X_test = dv.transform([customer])
X_test

array([[0.00000e+00, 1.00000e+00, 0.00000e+00, 1.00000e+00, 0.00000e+00,
        0.00000e+00, 0.00000e+00, 1.00000e+00, 1.00000e+00, 0.00000e+00,
        1.00000e+00, 0.00000e+00, 0.00000e+00, 7.98500e+01, 1.00000e+00,
        0.00000e+00, 0.00000e+00, 1.00000e+00, 0.00000e+00, 0.00000e+00,
        0.00000e+00, 0.00000e+00, 1.00000e+00, 0.00000e+00, 1.00000e+00,
        1.00000e+00, 0.00000e+00, 1.00000e+00, 0.00000e+00, 0.00000e+00,
        0.00000e+00, 0.00000e+00, 1.00000e+00, 0.00000e+00, 0.00000e+00,
        0.00000e+00, 1.00000e+00, 0.00000e+00, 0.00000e+00, 1.00000e+00,
        0.00000e+00, 0.00000e+00, 1.00000e+00, 4.10000e+01, 3.32075e+03]])

In [129]:
#Now we will predict if this customer will churn or not
y_pred = model.predict_proba(X_test)

In [130]:
y_pred

array([[0.92667889, 0.07332111]])

In [131]:
#We only need the probablity of churn so
y_pred = y_pred[0,1]
#also we need a answer in yes or no , so
print(y_pred>=0.5)

False


In [132]:
#Our customer will not churn so we will not send promotional discounts, emails etc to this customer

In [133]:
#Let us look into another customer
customer = {
 'gender': 'female',
 'seniorcitizen': 1,
 'partner': 'no',
 'dependents': 'no',
 'phoneservice': 'yes',
 'multiplelines': 'yes',
 'internetservice': 'fiber_optic',
 'onlinesecurity': 'no',
 'onlinebackup': 'no',
 'deviceprotection': 'no',
 'techsupport': 'no',
 'streamingtv': 'yes',
 'streamingmovies': 'no',
 'contract': 'month-to-month',
 'paperlessbilling': 'yes',
 'paymentmethod': 'electronic_check',
 'tenure': 1,
 'monthlycharges': 85.7,
 'totalcharges': 85.7
} 
X_test = dv.transform([customer])
model.predict_proba(X_test)[0, 1]

0.8321656556545182

In [134]:
#The probablity of churning of this customer is 83% and it is likely that this customer
#will stop using our services soon so we will send emails, discount offers etc to this customer

We have trained our model using logistic regression, for this purpose we first prepare our features and convert them to vectors using DictVectorizer method from sklearn.
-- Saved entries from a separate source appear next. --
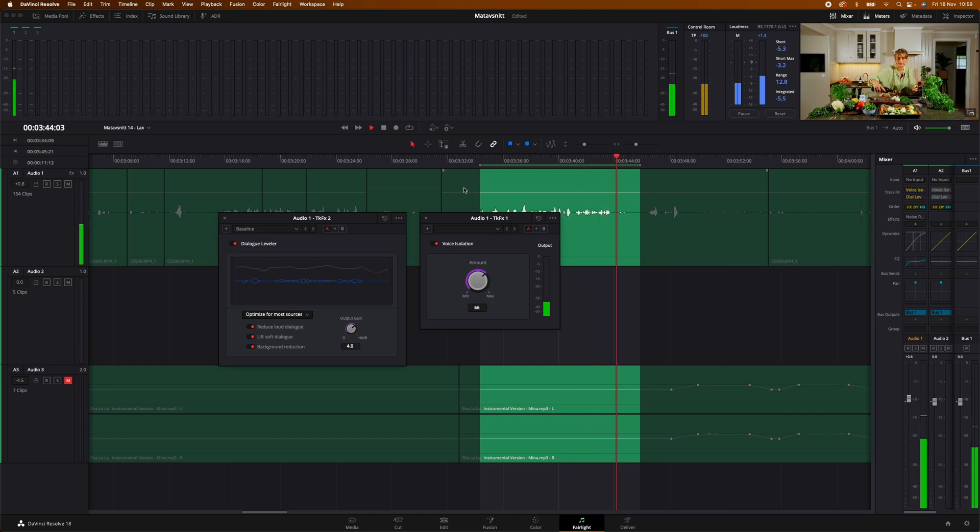I think it sounds so much smoother. I think it does a great job with the noise reduction in the background. And it doesn't overdo it — it doesn't do too good of a job. Listen to this comparison.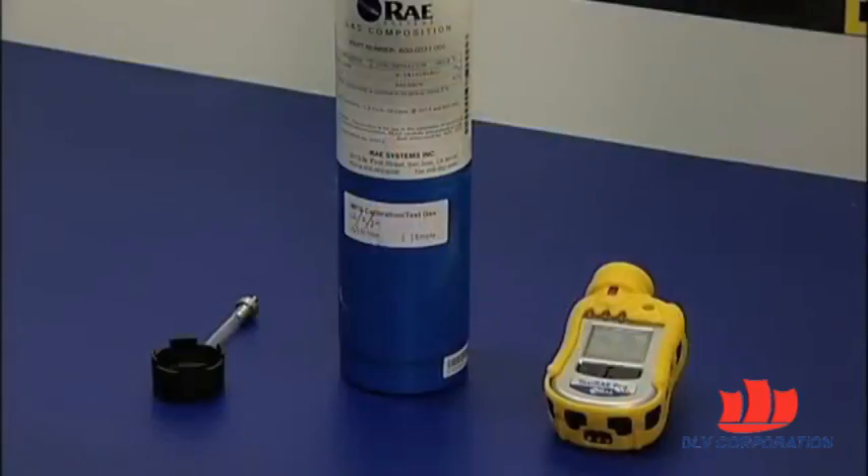Hello and welcome to RaySystems. Michael Weinstein with the product marketing team here. This video is about Toxiray Pro, the industry's first and broadest portfolio of wireless personal single gas monitors. In this video we're going to review the bump testing process for Toxiray Pro. It applies to all models in the Toxiray Pro family.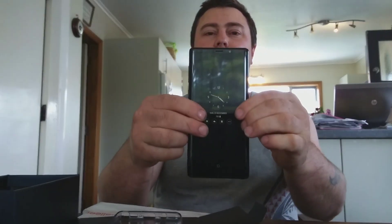Welcome to the channel, thanks for popping in. Guys, I went out and I got the new Note 9 — what an insane find!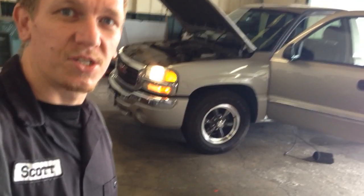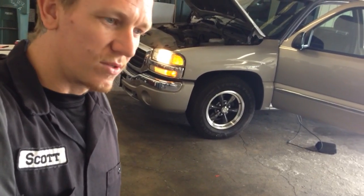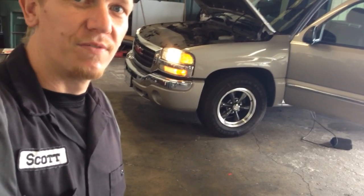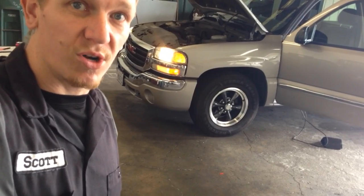Hey guys, Scott here. This is going to be the EVAP canister, EVAP canister purge solenoid, and PCV valve on a 2004 GMC Sierra 5.3 liter, similar to the Silverado.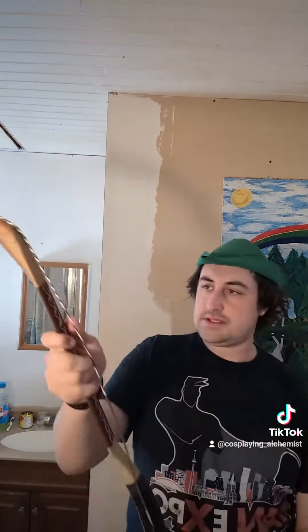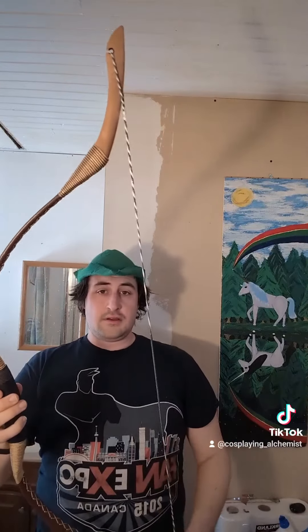Alright, nice and hot. I'm going to turn the camera off just a second. Okay, here it is — fully strung. Looks amazing. I can't wait to try it out when I shoot it.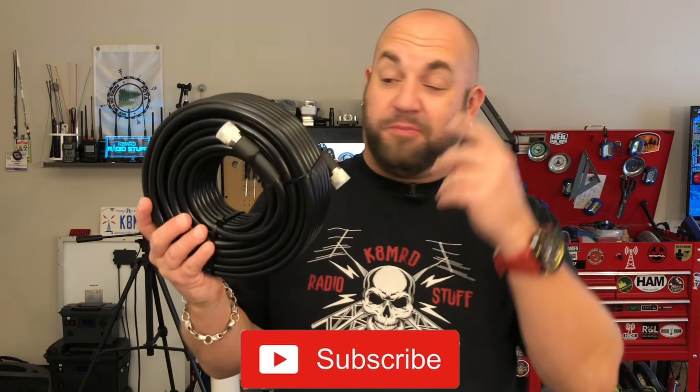Move over LMR400. There's a new kid in town and his name is KMR400. This time on K8MRD Radio Stuff. So those of you without a sense of humor, that was a joke — but sort of.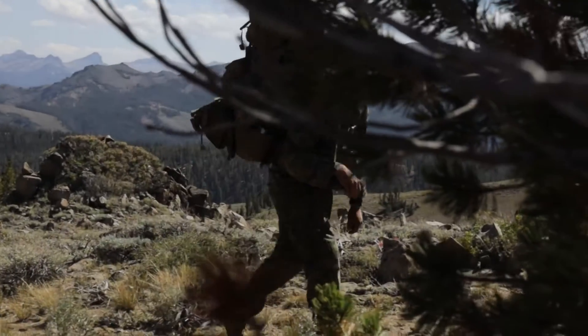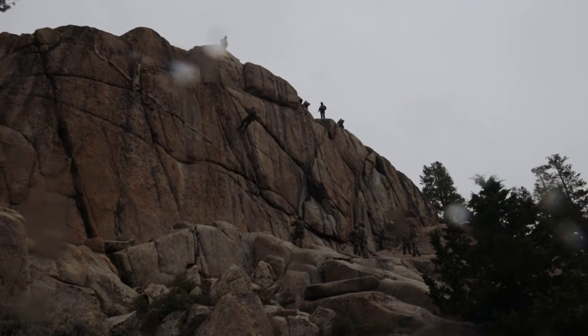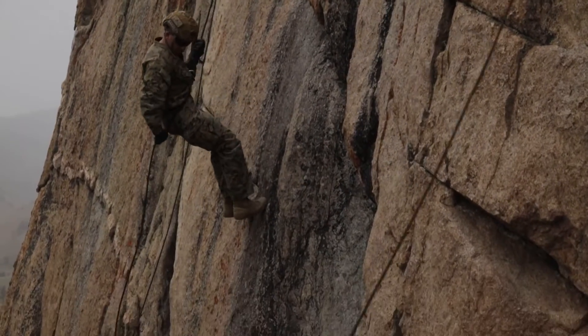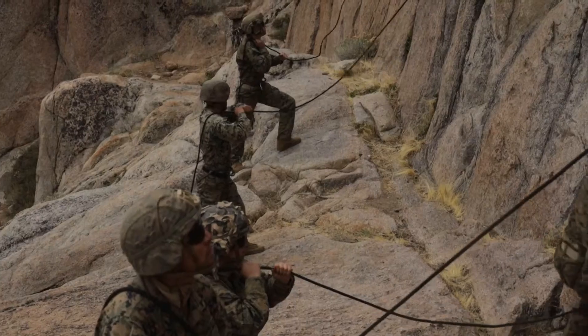With that type of asset, you could be on a completely different terrain feature on the other side of a mountain and you might not have actual comm assets to reach back to battalion.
We also used risk ratios to find the risk of  value in a categorical variable to churn. We also used mutual info scores and coefficient to check the dependacy of attributes on target variable.
This model is great for business to know beforehand that which customers are going to leave soon and how businesses can sustain these customers.